What's more, though ... there's basically three things that you need if you have a domain: (1) DNS, (2) e-mail service, (3) web hosting.
- You still need DNS hosting. DNS is basically the phone book of the Internet. You have to put your domain in the DNS in order for web browsers to know where to find your web site and e-mail servers to know where to deliver mail. This, Google does not provide (yet?).
- Google have been providing this for some time, as 'gmail for your domain'.
- Google created "Google Pages", which let you create a web site with WYSIWYG tools (suitable for most people) and have <yourname>.googlepages.com. I couldn't understand why they didn't provide a way to point a domain at it instead. Well, guess what? Now you can. Awesome!
I have to wonder how long it will be until they plug that particular hole and have Google DNS. I know somewhere they could buy some really nice, extremely fast, highly configurable (on the fly, no stupid restarts) DNS servers that would really work well for them.
Aaaaaaaaanyhow... it will be interesting to see what they do with this, and the service is bloody useful as it is.
 They just recently (I don't know when, but I discovered it a day or so ago) added one of the features I'd been clamouring for. You can now have multiple domains set up as "aliases" on one account. That is, if you have example1.com, and you set up an e-mail account for firstname.lastname@example.org, then you can say example1.net and example3.tv are aliases, and then any e-mail for email@example.com will just go to the same user, firstname.lastname@example.org. I had wanted this, and asked for this, a long time ago, as I have multiple domains, most of which from an e-mail perspective would ideally just work the same as my main domain.
 The first webmail which I've ever liked, and they provide free (secure) POP access so you can use it that way or do what I do and use POP simply to maintain a backup of all your mail.

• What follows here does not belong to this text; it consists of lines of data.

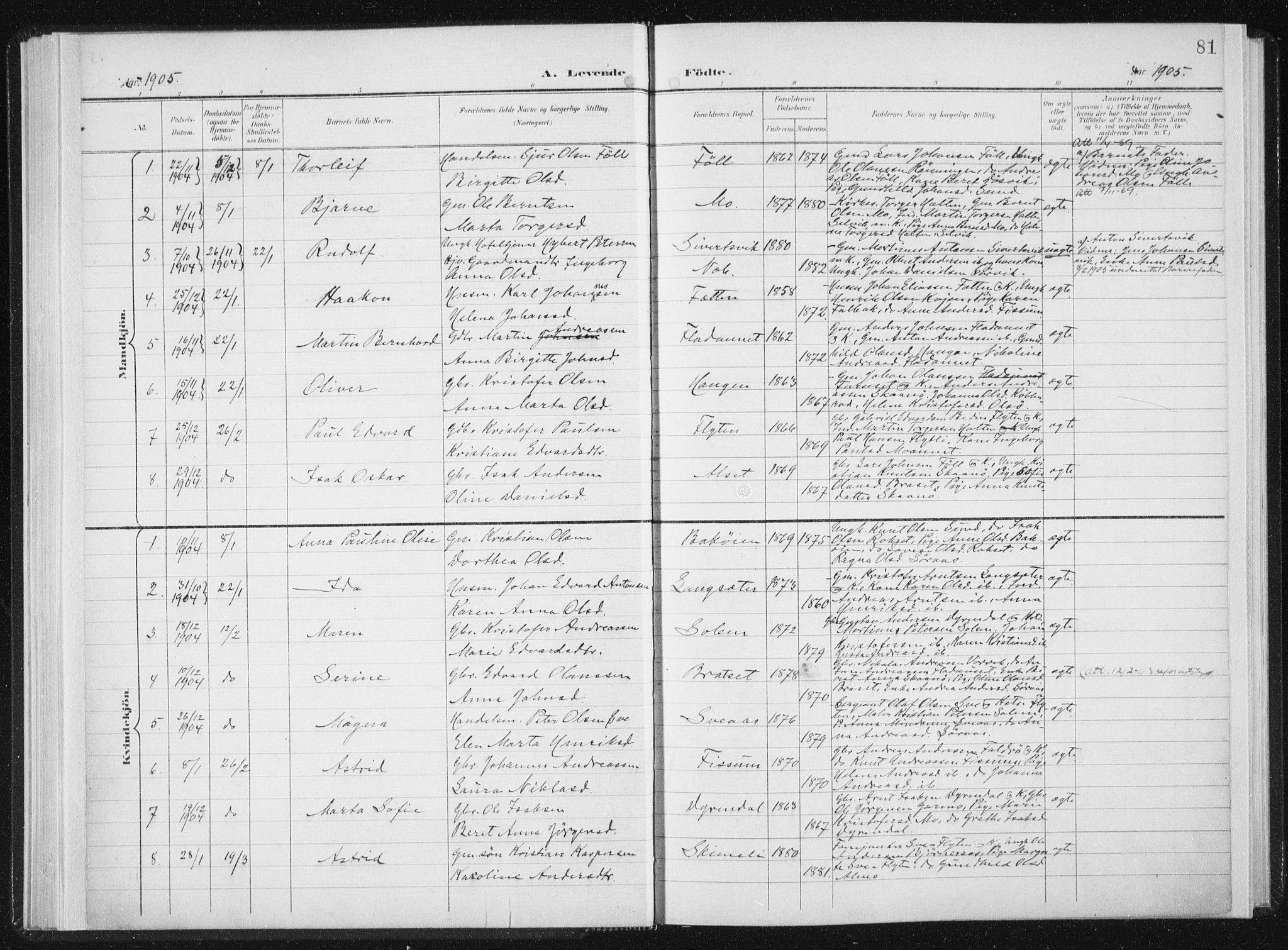 Ministerialprotokoller, klokkerbøker og fødselsregistre - Sør-Trøndelag, SAT/A-1456/647/L0635: Parish register (official) no. 647A02, 1896-1911, p. 81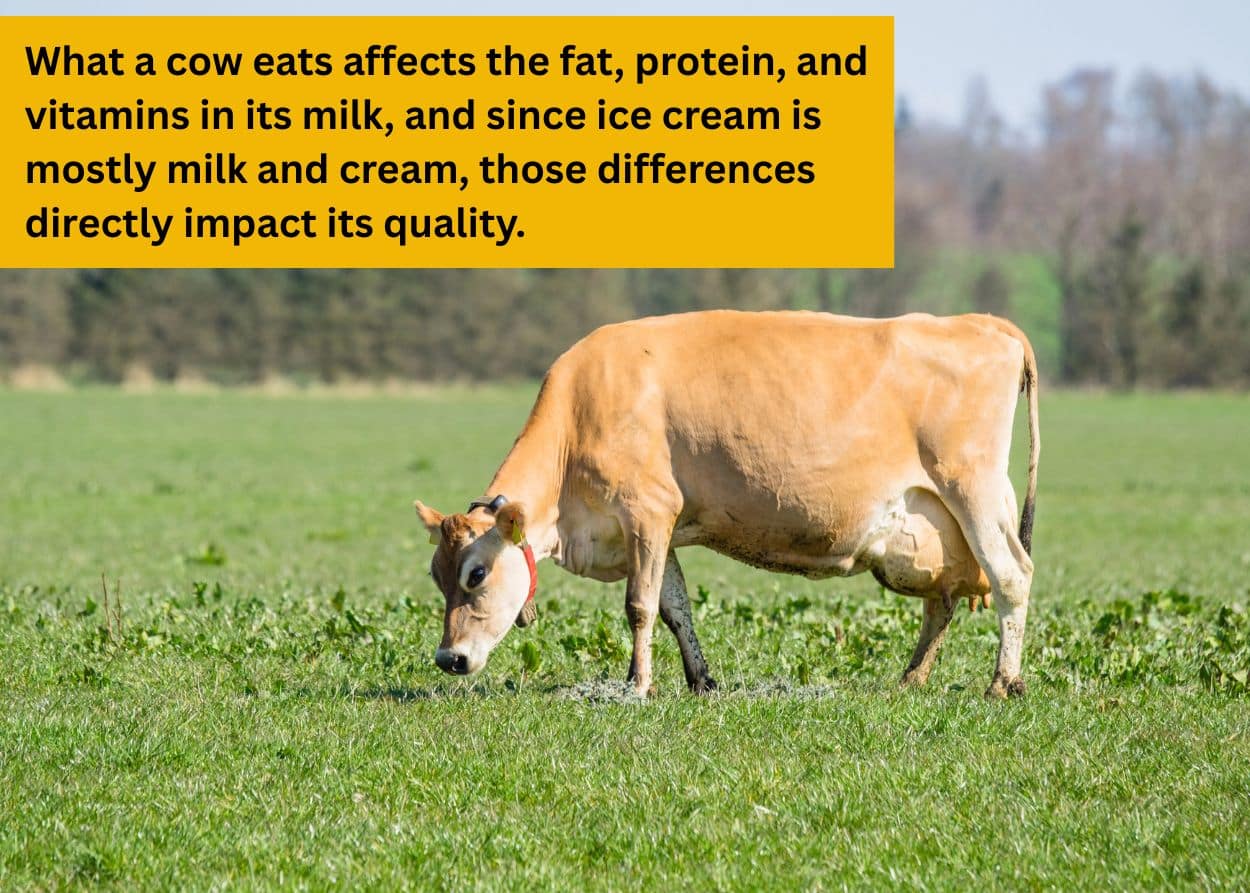 Grass-fed cow grazing in a green pasture, showing natural diet impacting milk quality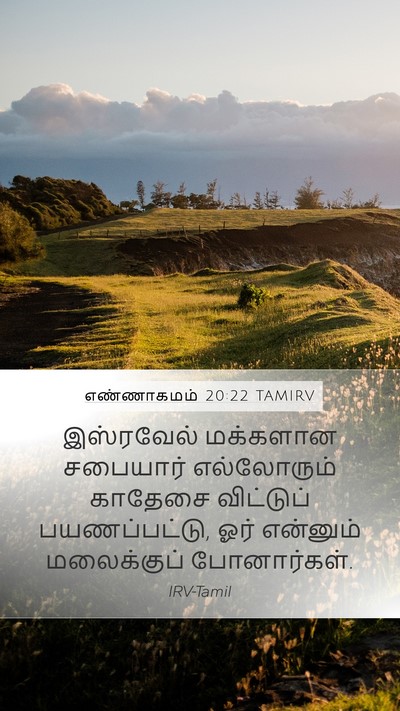 எண்ணாகமம் 20:22 TAMIRV Mobile Phone Wallpaper - இஸ்ரவேல் மக்களான - Mobile Bible Verse Wallpaper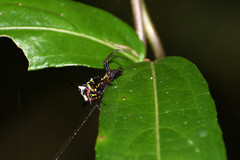 Micrathena raimondi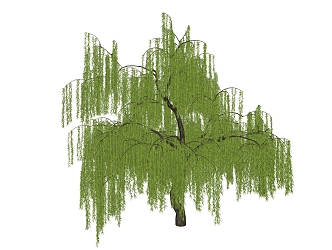 Modern Willow Trees 3d model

Well, gmail for your domain is precisely the same thing, but without the @gmail.com suffix.
 DNS is no problem for me (though it may be a bit of a pain for others ... but I think there's some free DNS hosting services out there--sounds like maybe DynDNS have such a service, but I haven't investigated).
 You simply go to the "Google Apps for Your Domain" (which is what it's called now that it's no longer just gmail-for-your-domain) "Dashboard" and 'add the "web pages" service'. Then you can set up a site for www.<yourdomain>.<tld> (e.g. www.example1.com, if you own example1.com).